Overall stock indexes in foreign industrial economies declined for the second consecutive year as activity faltered and actual and projected corporate earnings fell sharply. Technology-oriented stock indexes again fell more than the overall indexes. Among emerging market economies, the performance of stocks was mixed; stock indexes in several Asian emerging market economies rebounded strongly late in the year, a move possibly reflecting market participants' hopes for a revival in global demand for the high technology products that feature prominently in these countries' exports. Argentine financial markets came under increasing pressure throughout the year because of growing fears of a debt default and the end of the peso's peg to the dollar. Near year-end, Argentine authorities in fact suspended debt payments to the private sector and, early in 2002, ended the one-to-one peg to the dollar. There was limited negative spillover to other emerging financial markets from the sharp deterioration in Argentina's economic and financial condition, in contrast to the situation that prevailed during other emerging market financial crises of recent years.

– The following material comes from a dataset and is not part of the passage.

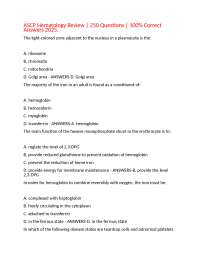 ASCP Hematology Review | 250 Questions | 100% Correct Answers 2025.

The dollar's average foreign exchange value remained strong through most of 2001. The dollar continued to rise despite mounting evidence of weakening U.S. economic activity and the significant easing of monetary policy by the FOMC. Market participants may have felt that the falloff in economic growth in foreign economies and expectations that the United States offered stronger prospects for economic growth in the future outweighed disappointing U.S. economic performance in the near term. The dollar's average foreign exchange value against the currencies of other major industrial countries recorded a net increase of 8 percent over 2001 as a whole. The dollar also strengthened, but by a lesser amount, against the currencies of our most important developing country trading partners. So far this year, the dollar's average value has risen further on balance.

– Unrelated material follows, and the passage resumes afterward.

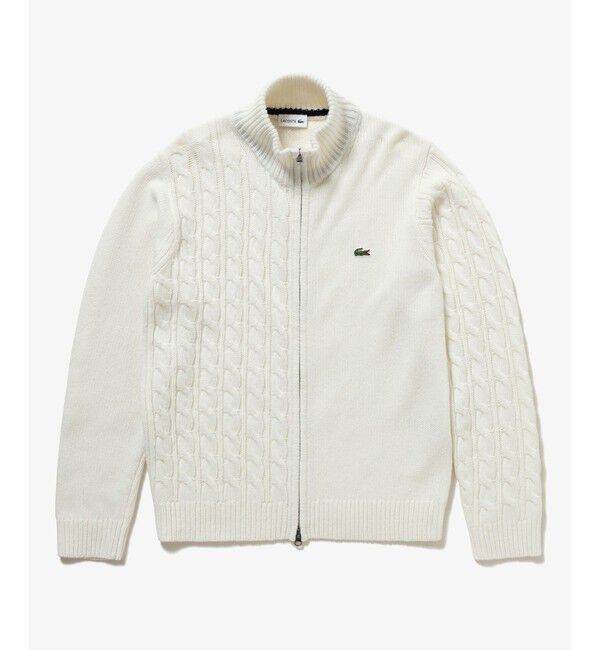 LACOSTE「クレイジーニッティングハイネックジップカーディガン / ダブルジップ ドライバーズニット」|カーディガン|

The dollar showed particular strength against the Japanese yen last year, appreciating nearly 15 percent. The weakness of the yen reflected serious ongoing structural problems and the relapse of the Japanese economy back into recession. Early in the year, in response to signs of renewed weakening of the economy, the Bank of Japan announced that it was easing policy by shifting its operating target from the overnight rate--already not far above zero--to balances held by financial institutions at the Bank of Japan. Policy was eased further and more liquidity was injected into the banking system when the balances target was raised three times later in the year.The yen received a temporary boost when Junichiro Koizumi, widely seen as more likely to introduce economic reforms, became prime minister in April. The yen again strengthened in the immediate wake of the September terrorist attacks, prompting the Bank of Japan to make substantial intervention sales of yen. However, later in the year, amid signs of a renewed deterioration of economic conditions, the yen again started to weaken significantly.

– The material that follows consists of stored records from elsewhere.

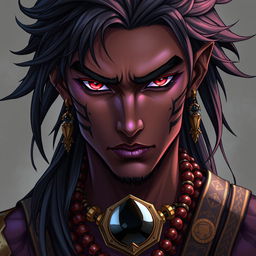 A front view of a character in the Genshin Impact style depicting a man with expressive yet raw beauty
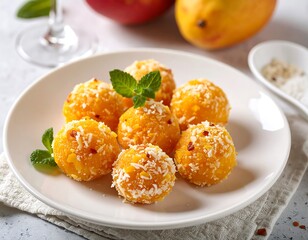 Mango-flavored, round, sweet treats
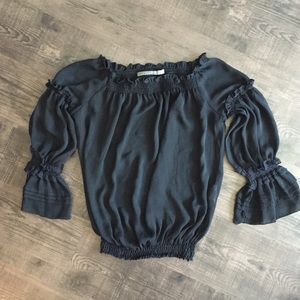 Zara black romantic flowy blouse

For the year as a whole, Japanese real GDP is estimated to have declined more than 1 percent, a reversal of the rebound recorded the previous year. Private investment declined and private consumption moved lower, as households curtailed spending in the face of rising unemployment and falling real income. The winding-down of the large-scale public works programs of recent years more than offset the effect on growth from the additional spending contained in several supplemental budgets. Last year marked the third consecutive year of deflation, with the prices of both consumer goods and real estate continuing to move lower.
The dollar's movements against the euro in 2001 appear to have been mainly influenced by market perceptions of the strength of economic activity in the United States relative to that in the euro area. In the early part of the year, the euro weakened as evidence mounted that the economic slowdown that was already apparent in the United States as the year began was also taking hold in Europe. During the summer, the euro rose against the dollar as market participants appeared to revise downward their expectation of an early U.S. recovery. Then, later in the year, with more signs of a further weakening of activity in Europe, the euro again declined. On balance, the dollar appreciated more than 5 percent relative to the euro over the course of the year. Real GDP in the euro area is estimated to have increased at less than a 1 percent rate in 2001, a sharp slowing from the nearly 3 percent growth rate of the previous year. Fixed investment and inventory investment both are estimated to have made negative contributions to the growth of real GDP, whereas consumption growth remained near the rate of the previous year. The slowing of growth in the euro area was not uniform across countries, with weakness being more pronounced in Germany and less so in France.
The European Central Bank (ECB) held off easing monetary policy in the early months of the year, restrained by the euro's weakness, growth of M3 that remained in excess of the ECB's reference value, and a euro-area inflation rate above its 2 percent target ceiling. In May, evidence of slowing activity prompted the ECB to reduce its key policy rate 25 basis points. Three additional reductions followed later in the year, as activity weakened further and the inflation rate receded toward its target ceiling. The total reduction in the ECB's key policy rate over the course of the year was 150 basis points. The beginning of 2002 saw the introduction of euro notes and coins, a process that proceeded smoothly.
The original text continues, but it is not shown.